Supplied information:
=== Section Start ===

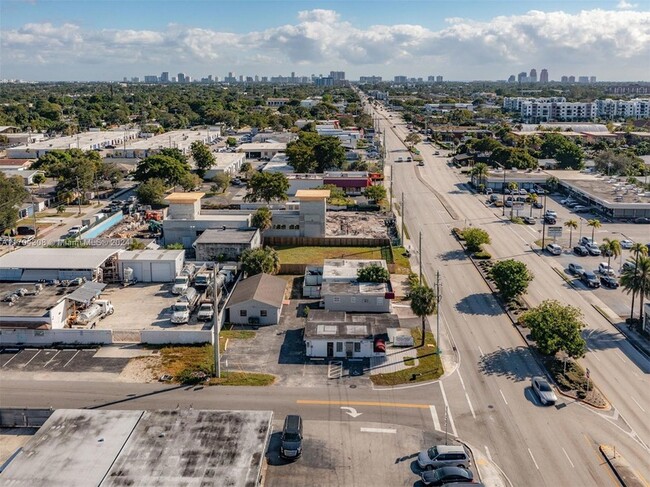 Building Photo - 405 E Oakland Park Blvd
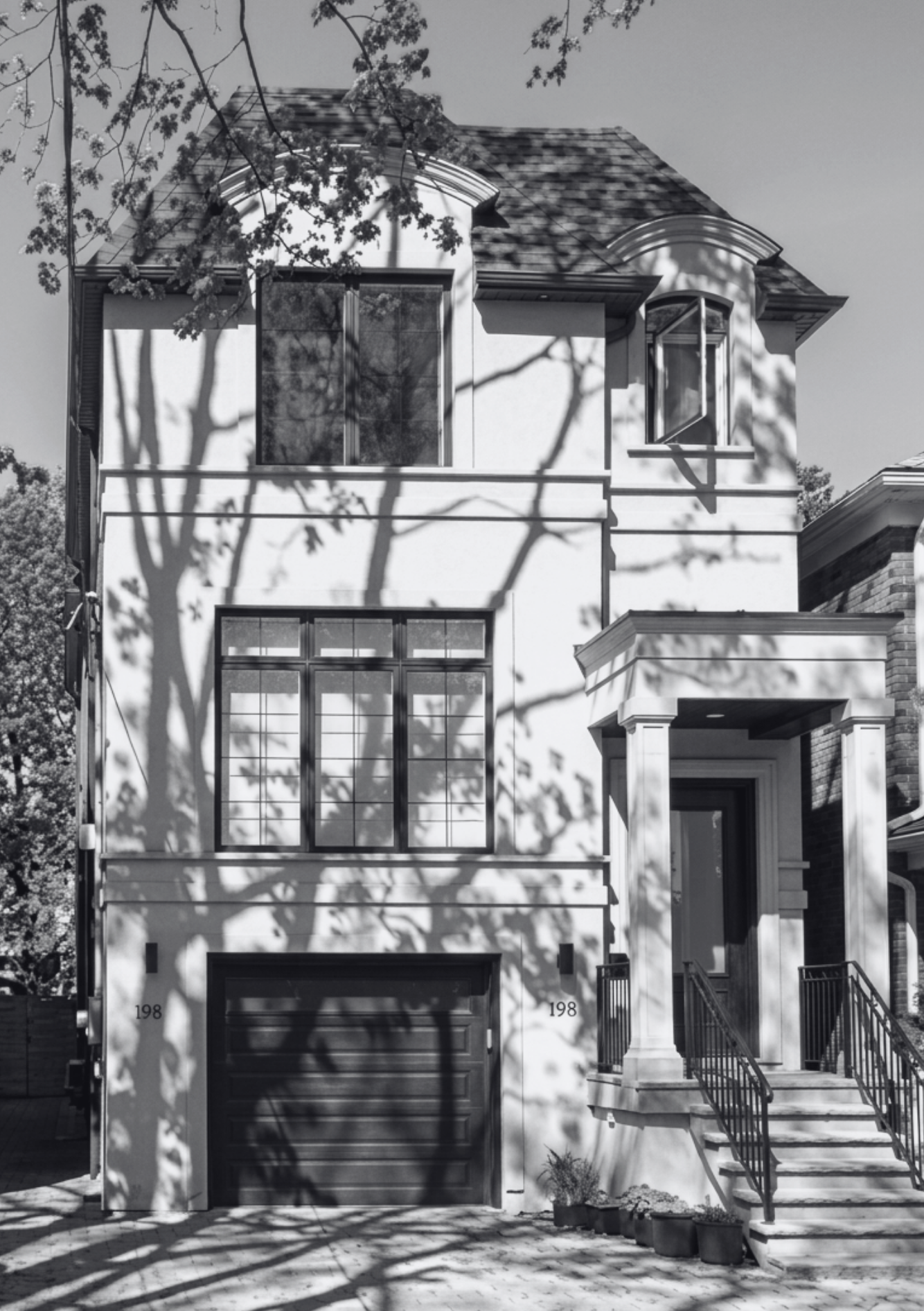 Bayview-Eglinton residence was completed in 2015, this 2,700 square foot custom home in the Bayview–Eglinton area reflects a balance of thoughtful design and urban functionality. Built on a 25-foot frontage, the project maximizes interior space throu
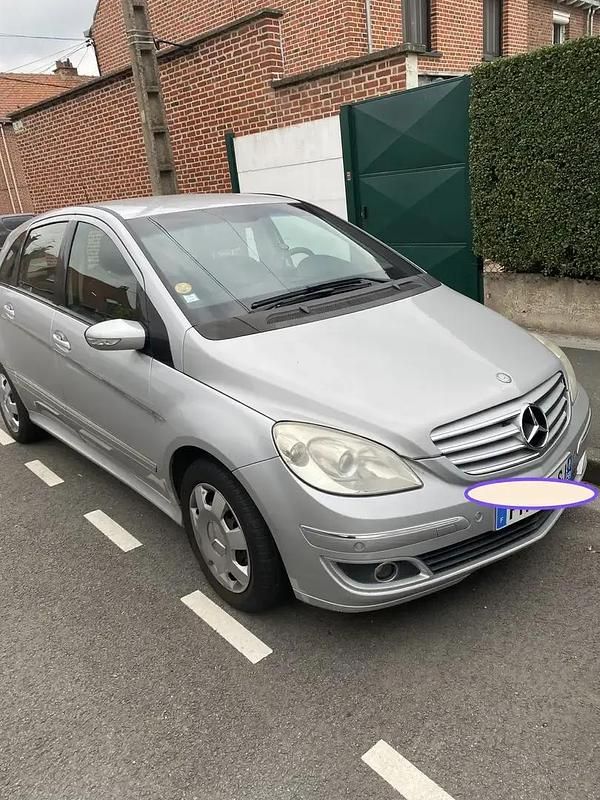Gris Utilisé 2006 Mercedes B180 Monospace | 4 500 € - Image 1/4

=== Section End ===

Every line above should be copied exactly, apart from any pictures.

 Building Photo - 405 E Oakland Park Blvd
 Bayview-Eglinton residence was completed in 2015, this 2,700 square foot custom home in the Bayview–Eglinton area reflects a balance of thoughtful design and urban functionality. Built on a 25-foot frontage, the project maximizes interior space throu
Gris Utilisé 2006 Mercedes B180 Monospace | 4 500 € - Image 1/4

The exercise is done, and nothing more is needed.